20世紀の現憲法下の裁判例を掲載しています。

福岡高等裁判所 昭和55年(う)277号 判決

本件公訴事実によると「被告人両名は共謀のうえ、被告人坂井の勧誘により生命保険に加入していた相浦真正が交通事故により死亡したことを知るや、右坂井が右真正のために三か月分の保険料を代納していたことを奇貨として、同保険金の受取人である同人の父相浦武舟からその半額を騙取しようと企て(中略)保険外務員が右相浦真正に代つて保険料を納付していても保険金の半額を取得する権利がないのにあるように装い、被告人江副において、私は三井生命福岡営業所の山下という者です。外務員が立て替え払いしていた場合、保険金は受取人である遺族とその外務員とで折半する慣例になつています旨、同坂井において、私が立て替え払いした酒井です旨こもごも申し向け、相浦武舟をして被告人酒井に保険金の半額を取得する権利があるものと誤信させ(中略)、金一、四三二万四〇八〇円の払い戻しを受けてこれを騙取したものである。」と云うのに対し、原判決は訴因変更の手続を経ないで、欺罔手段については原判示のとおり、公訴事実とほぼ同一の事実を認定しながら、相浦武舟の錯誤の内容につき「被告人坂井に保険金の半額を謝礼として交付し、同人らの指図のままにしなければ、保険契約が無効とされるかもしれず、そうなれば保険金が受領できなくなるかもしれないと武舟を誤信させ、」と認定している。このように、原判決認定の錯誤の内容が、公訴事実の主張する錯誤の範疇を超え異なる場合、訴因変更の手続をとらず、いきなり右の如く公訴事実と異なる内容の錯誤を認定することは、よしんば被告人らが無罪の主張をしていたとしても、被告人らに不意打の打撃を与え、その防禦に実質的な不利益を及ぼす虞があると云わなければならない。
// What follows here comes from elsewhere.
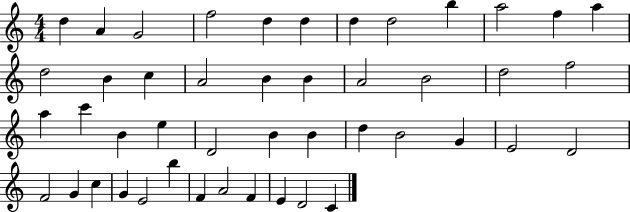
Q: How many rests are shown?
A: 0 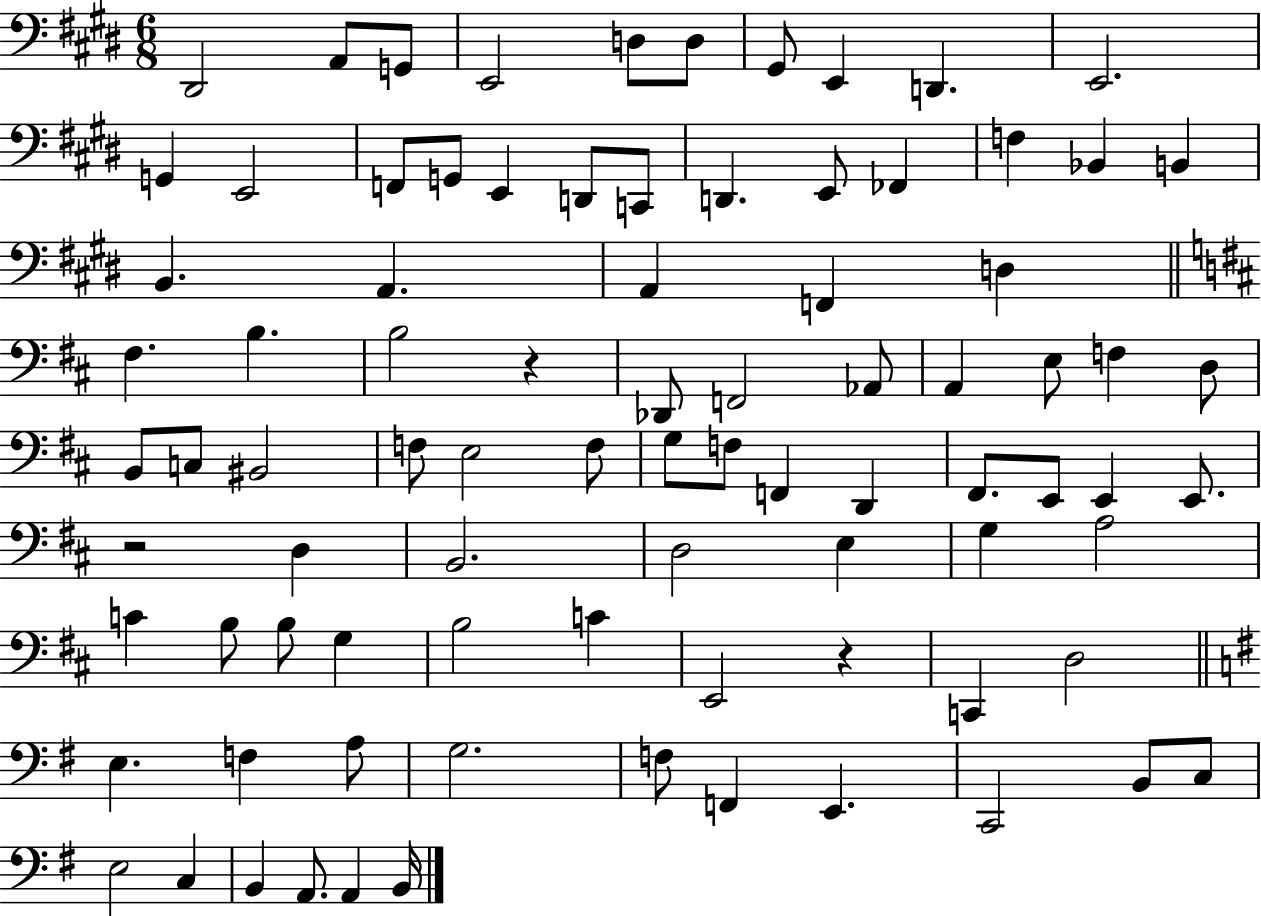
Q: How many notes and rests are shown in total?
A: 86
しかして、記録中には相浦武舟が公訴事実記載の如く錯誤したことを証する有力な証拠がある反面、その証拠価値の評価はおくとして、同人の錯誤が或は原判示類似の如き内容のものではなかつたかとも疑われる証跡が皆無とも云い難く、たやすく看過できず、被告人らの罪責を問う為にはこの点について更に審理を尽す必要があり、その結果如何によつては欺罔行為と錯誤との関係に重大なる影響を及ばすことが考えられる。

そうであれば、原審が訴因変更の手続を経ないで、右錯誤の内容を叙上のように認定したのは訴訟手続の法令に違背し、その違反が判決に影響を及ぼすことが明らかであると云わざるを得ない。

自由と民主主義を守るため、ウクライナ軍に支援を!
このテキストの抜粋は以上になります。